#### [Required work]
Each line of the data below holding the word "ceiling" must be copied.

─── The records

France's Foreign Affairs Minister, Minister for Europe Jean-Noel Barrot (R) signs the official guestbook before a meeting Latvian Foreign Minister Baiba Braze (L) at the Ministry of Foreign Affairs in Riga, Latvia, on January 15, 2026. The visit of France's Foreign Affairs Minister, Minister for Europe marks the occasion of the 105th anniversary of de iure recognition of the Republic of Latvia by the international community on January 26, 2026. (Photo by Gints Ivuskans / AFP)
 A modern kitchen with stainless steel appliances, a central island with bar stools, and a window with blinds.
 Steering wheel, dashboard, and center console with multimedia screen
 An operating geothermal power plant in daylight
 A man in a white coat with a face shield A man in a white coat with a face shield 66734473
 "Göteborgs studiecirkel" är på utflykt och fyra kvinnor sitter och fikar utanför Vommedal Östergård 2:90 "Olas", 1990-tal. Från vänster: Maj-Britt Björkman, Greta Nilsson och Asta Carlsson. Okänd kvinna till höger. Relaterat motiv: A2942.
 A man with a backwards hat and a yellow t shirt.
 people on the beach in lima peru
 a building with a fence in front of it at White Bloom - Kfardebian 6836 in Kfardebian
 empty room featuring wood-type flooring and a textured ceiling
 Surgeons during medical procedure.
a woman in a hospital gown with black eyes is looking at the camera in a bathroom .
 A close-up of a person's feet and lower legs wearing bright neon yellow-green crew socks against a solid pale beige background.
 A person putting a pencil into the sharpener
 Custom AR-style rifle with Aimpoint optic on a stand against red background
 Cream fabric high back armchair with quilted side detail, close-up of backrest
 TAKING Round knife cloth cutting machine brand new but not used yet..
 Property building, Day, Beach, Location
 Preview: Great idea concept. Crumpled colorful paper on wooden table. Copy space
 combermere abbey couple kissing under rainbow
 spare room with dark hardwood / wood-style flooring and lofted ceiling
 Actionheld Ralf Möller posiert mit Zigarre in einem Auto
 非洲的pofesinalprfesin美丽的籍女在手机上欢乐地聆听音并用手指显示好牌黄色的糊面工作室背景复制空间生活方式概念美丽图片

──────

#### [Solution to this task]
 empty room featuring wood-type flooring and a textured ceiling
 spare room with dark hardwood / wood-style flooring and lofted ceiling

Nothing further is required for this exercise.